* **RECORDED INFORMATION**
######

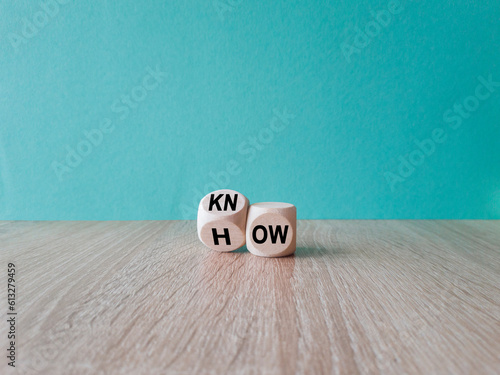 Know how and business concept. Turned cube and changed the word 'how' to 'know'. Beautiful wooden table, blue background. Copy space. photo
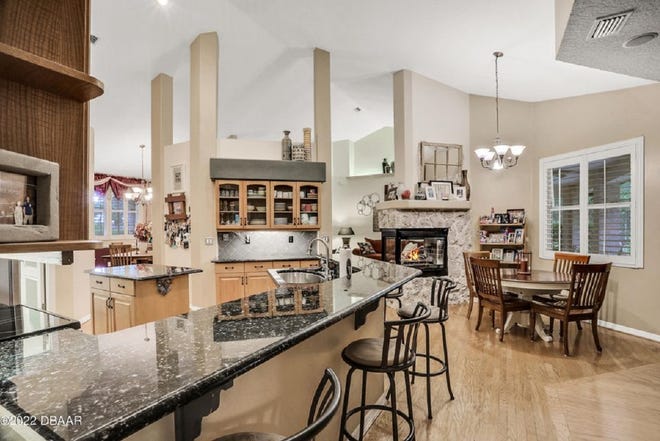 The large open kitchen opens to the gathering room and features granite countertops, a center island, a breakfast bar and a cozy nook area overlooking the outdoor living space.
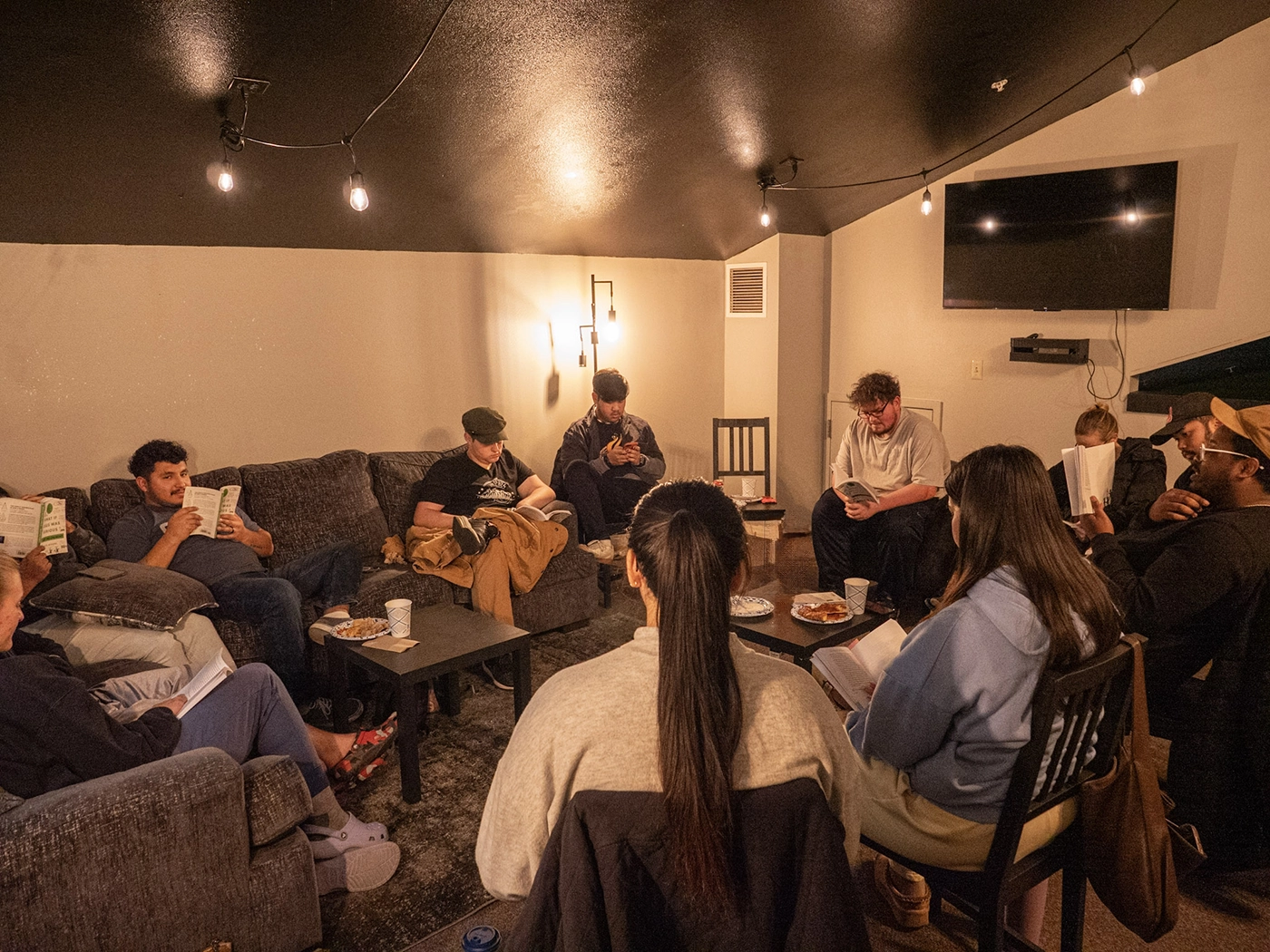 Group of people sitting in a cozy living room reading books and having snacks on tables for Young Adult Life Group at West Valley Church.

######

* **INSTRUCTIONS TO FOLLOW**
Return, exactly as they stand, all of the lines above, but not the pictures.

* **THE ANSWER**
 Know how and business concept. Turned cube and changed the word 'how' to 'know'. Beautiful wooden table, blue background. Copy space. photo
 The large open kitchen opens to the gathering room and features granite countertops, a center island, a breakfast bar and a cozy nook area overlooking the outdoor living space.
 Group of people sitting in a cozy living room reading books and having snacks on tables for Young Adult Life Group at West Valley Church.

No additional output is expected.